Nila was woken up by the noises of furnitures moving coming from upstairs in the middle of the night again. She got worried for Alan then ran towards the staircase which led to the second floor. She hesitated when she thought if she could rescue Alan from Matilda's abuse this time. The noises of furnitures moving grew louder and the feeling of wanting to run away from the noise oozed up in Nila again. Her legs were shaking because Alan shared his fear with her. At last, she took a step backward from the staircase and turned away. She felt as though her body was being controlled by anything but herself. She ran again, trying to find a place where she wouldn't hear the noise. She remembered the stairway which led down to a dark room and how silent it was when she went inside; she ran to that stairway and opened the heavy door again. It was pitch black inside but she stepped into the room feeling safer than anywhere else for the time being, and shut the door behind her again. Finally, it was silent, and she felt at peace.

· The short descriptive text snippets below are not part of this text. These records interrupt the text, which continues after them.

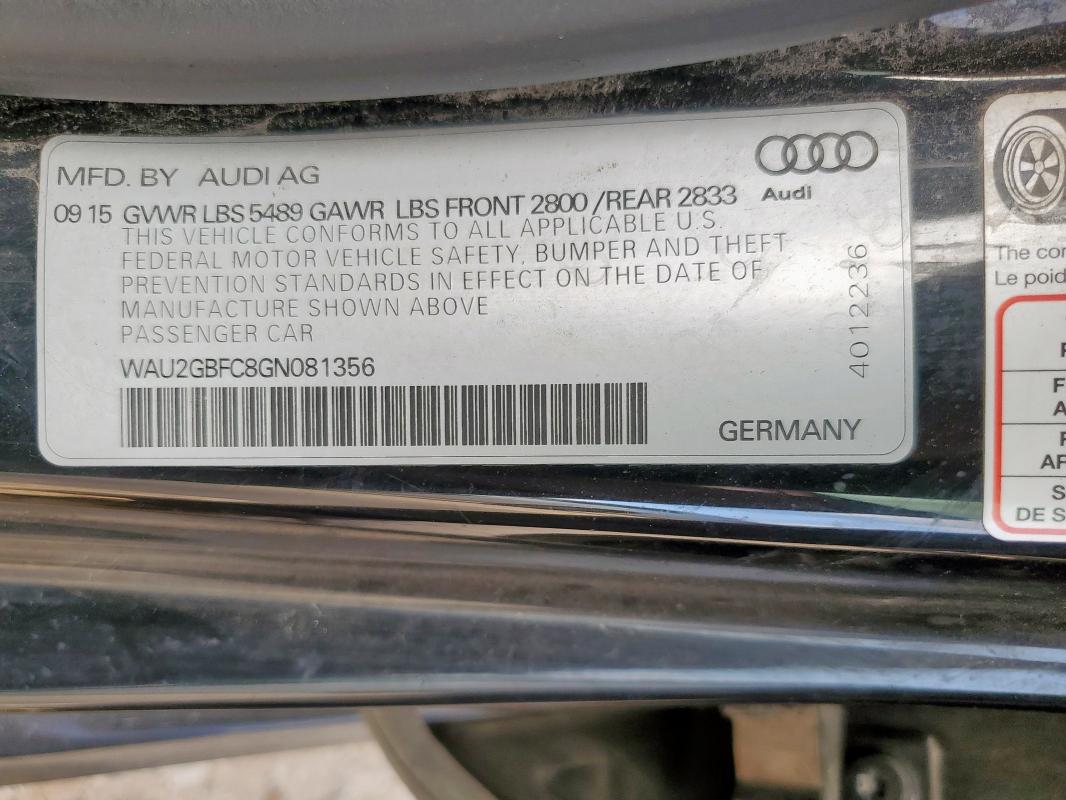 2016 AUDI A7 PRESTIG WAU2GBFC8GN081356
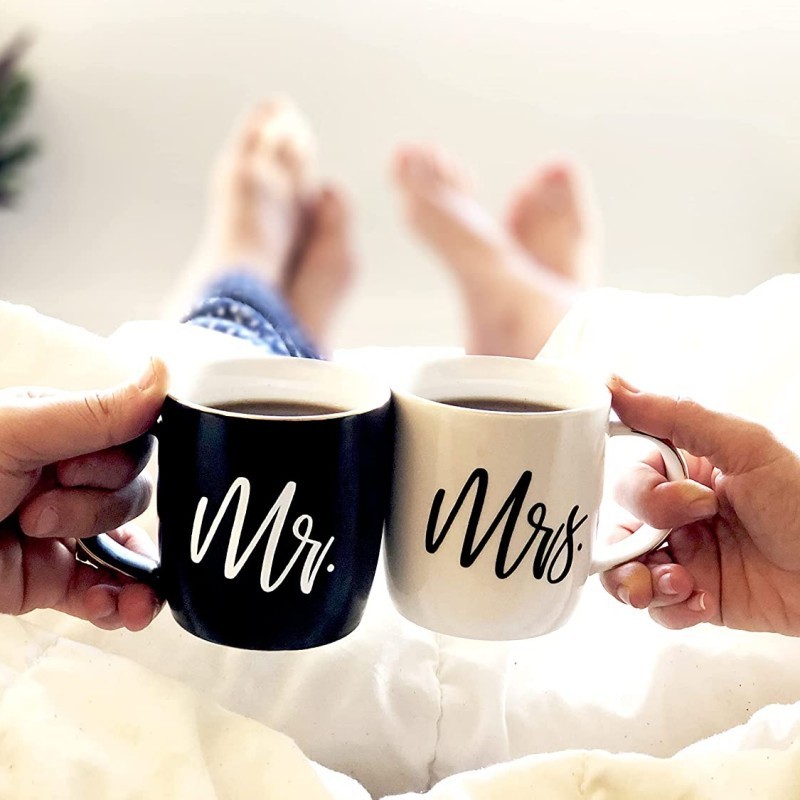 Valentine's Day Gift Ideas 2023 Couple Cup Anniversary Wedding Mr and Mrs Gifts porcelain mug cups ceramic coffee mugs for gifts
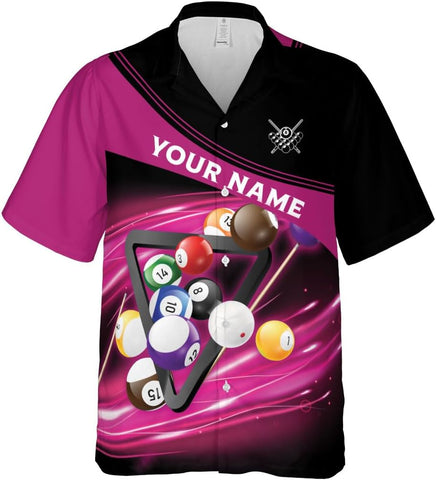 Personalized Billiard Hawaiian Shirt Button Down Custom Billiard Stick 8 Ball Pool Billiard Team Gift for Billiards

The next morning, Nila was sleeping on the floor in the middle of the house. Her hands still on her ears and her body crouched into a small circle. She wondered how she got there as the last place she remembered she went to was the dark room beneath the stairway. In fact, she couldn't even remember how she got out of it the first time she went inside the room, or how many nights she had been like this. She daydreamed for hours on the floor and analyzed that she might had dream-walked out of the dark room after she went in there.
“Breakfast!!” a harsh and loud voice yelled out from the second floor, it was Matilda.
'Oh no,' Nila thought. She got up and went to the kitchen to prepare breakfast for the three like she usually did before. It was because if she didn't do as Matilda told, the punishment would be heavier bruises and wounds on Alan, which was what Nila wouldn't want to happen most.
To save the time used on cooking so that Matilda wouldn't have more to fuss about, she used her powers that she used last time to help her to cook. Sending eggs, hams, forks, knives, and plates flying around the air in the kitchen with a snap of a finger.
Alan came into the dining room right on time when Nila finished cooking breakfast. Nila didn't even have to look at him to know that he had more bruises on his body than last time. The three of them, including Matilda, had their breakfast in silence. Morning sunlight coming through windows in the dining room shed onto their dining table. From afar, they seemed like any other family in town or the one you knew next door from your own.